Any particular reason for using deferred rendering then? Usually you’d use it if you have lots of point lights, because otherwise it’s a performance hit.
Yes, everything you draw does.
It’s far more optimized than having a huge mesh with a billion separate objects on it. The whole point of the terrain system is to be more efficient than “normal” objects.
–Eric
I read somewhere in the Unity docs that 1200-1600(?) – I don’t recall, somewhere around there – is the sweet spot for per model minimum poly count. Below that the overhead associated with drawing the model means you aren’t conserving much with less detail.
As with everything, it really depends. On static objects, going super low poly isn’t going to help on PC much, draw calls are more important. With animated meshes, it can make a difference if you have a lot of characters on screen since every vertex has to be moved.
Poly counts really aren’t going to be your problem. The issue is draw calls with unity.
If you have 500 draw calls with your terrain, you need to look into batching and mesh merging.
As for polycounts, you can safely go up to 5K-10K depending on the type of object you are representing, and not have a problem. Of course, we’re talking PC. iOS/Mobile environments will be significantly less.
Though, I do have a bit of a different setup than most people, as I’m working on some projects using a 3D Dot Heroes style graphics engine running at the moment, so even with a simple model, I get up in the thousands of polygons quite quickly, and I’ve had to accommodate for that.
No, it’s much higher than that. It depends on the GPU of course but that kind of poly count is quite a few years out of date.
It’s not necessarily an issue. 5000 would be too many, yes. 2000 isn’t really a problem with the kind of hardware mentioned in this topic.
The terrain system already does that. It’s not something you have any real control over, although indirectly you can affect it by using a larger pixel error; that way there won’t be as many subdivisions.
–Eric
here is one of the tests i have done, about the terrain part i mentioned earlier, the terrain in unity engine had more drawcalls that bringing a 35k mesh, everything seems a bit too tricky, even how you handle the resolution in the terrain engine in unity. i even realize that trying to use the trees with the terrain engine they don’t have colliders, so if i want to be able to collide with trees i have to drag them one by one.
i can probably try a different renderer such as the foward rendering since i only have one light on the scene.
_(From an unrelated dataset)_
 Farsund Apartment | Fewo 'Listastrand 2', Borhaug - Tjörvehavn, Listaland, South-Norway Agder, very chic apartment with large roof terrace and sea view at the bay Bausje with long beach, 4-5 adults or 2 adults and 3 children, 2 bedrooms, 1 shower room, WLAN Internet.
it’s like there is no ending to the optimization when it comes about creating something with a larger quality.
what about textures, is there a size i should be sticking with? icons?
That’s much much lower res than a standard terrain with the default resolution. It can work in some cases, but if you want a reasonably large area that doesn’t look like a bunch of huge triangles, you need to use some kind of terrain system.
Not quite sure what that means…if you’re having difficulty, the docs explain everything quite well in detail. It’s a straightforward heightmap system.
They do if you add colliders and use the “Create tree colliders” option.
–Eric
about checking one the block that says generate colliders and even having to make shure each tree in the import setting has a collider it doesn’t work, i still end up having to drag out a tree one by one if i want to be able to use colliders.